==== Data in this exercise

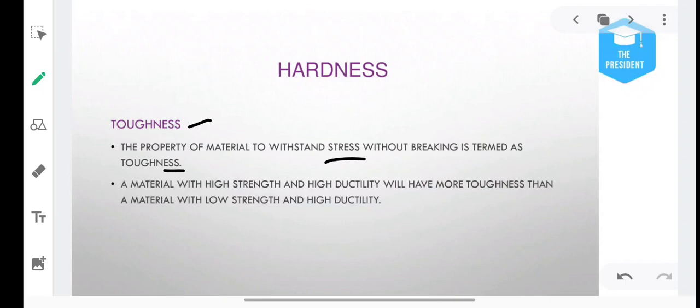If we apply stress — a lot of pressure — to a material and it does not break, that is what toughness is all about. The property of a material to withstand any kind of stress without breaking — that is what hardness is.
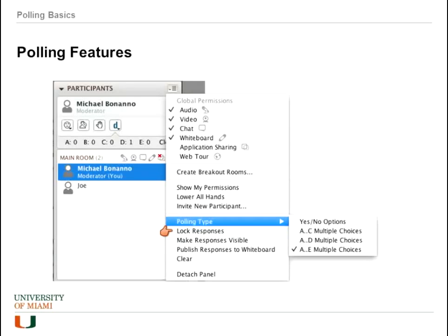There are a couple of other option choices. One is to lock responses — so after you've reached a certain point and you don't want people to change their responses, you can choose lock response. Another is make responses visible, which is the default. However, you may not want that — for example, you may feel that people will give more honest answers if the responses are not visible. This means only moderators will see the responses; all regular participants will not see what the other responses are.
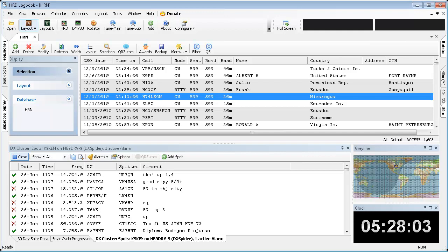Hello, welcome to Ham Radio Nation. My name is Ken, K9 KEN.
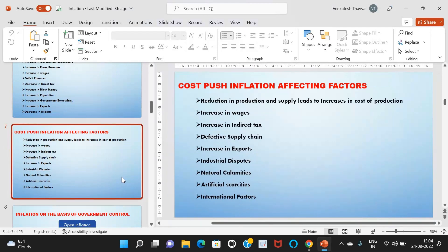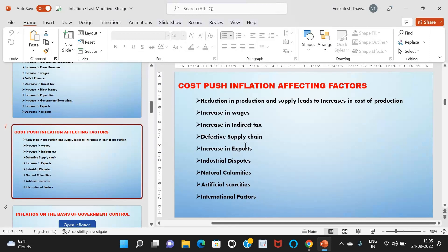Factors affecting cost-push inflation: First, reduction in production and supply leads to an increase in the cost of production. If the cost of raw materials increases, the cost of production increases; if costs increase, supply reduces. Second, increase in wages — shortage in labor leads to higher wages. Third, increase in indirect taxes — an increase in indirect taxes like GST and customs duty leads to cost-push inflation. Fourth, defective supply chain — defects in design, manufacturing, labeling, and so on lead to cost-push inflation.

========
==== Data in this exercise

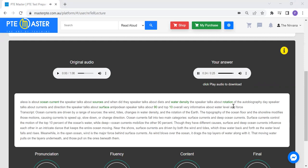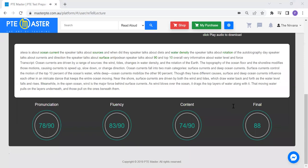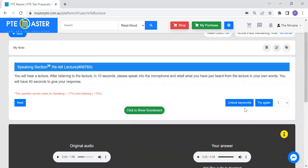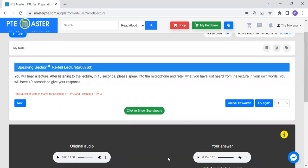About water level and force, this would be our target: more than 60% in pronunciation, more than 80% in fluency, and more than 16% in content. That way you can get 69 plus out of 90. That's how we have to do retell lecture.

========
==== Data in this exercise

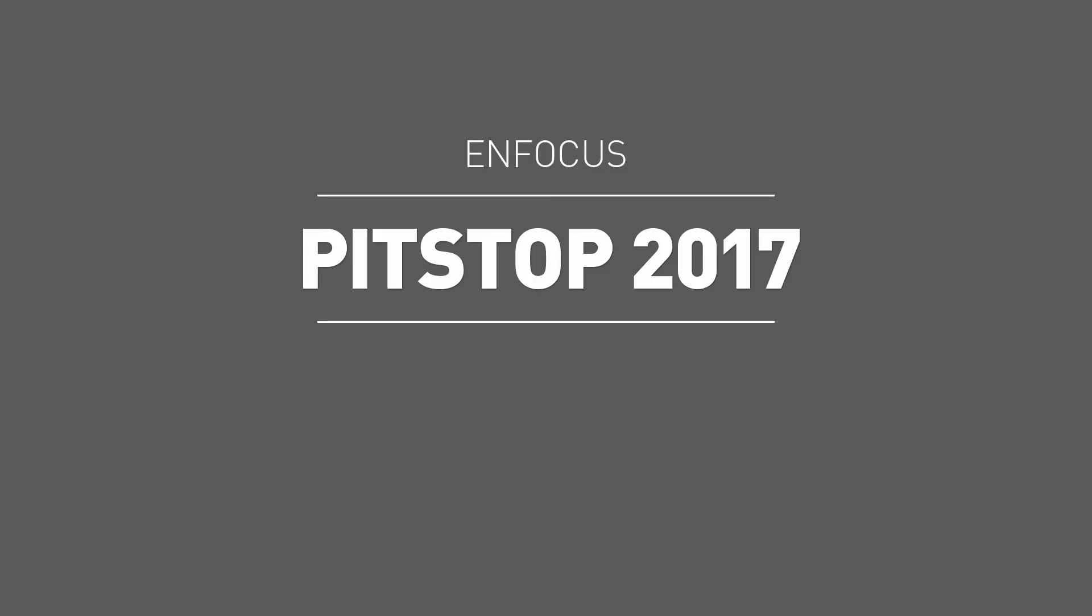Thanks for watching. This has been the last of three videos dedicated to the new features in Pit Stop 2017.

========

• Problem to solve:
Find the line with "Hello, welcome to" in the data above, and from there retype each line exactly through the line with "Factors affecting cost-push", skipping the pictures along the way.

• Written solution:
Hello, welcome to Ham Radio Nation. My name is Ken, K9 KEN.
Factors affecting cost-push inflation: First, reduction in production and supply leads to an increase in the cost of production. If the cost of raw materials increases, the cost of production increases; if costs increase, supply reduces. Second, increase in wages — shortage in labor leads to higher wages. Third, increase in indirect taxes — an increase in indirect taxes like GST and customs duty leads to cost-push inflation. Fourth, defective supply chain — defects in design, manufacturing, labeling, and so on lead to cost-push inflation.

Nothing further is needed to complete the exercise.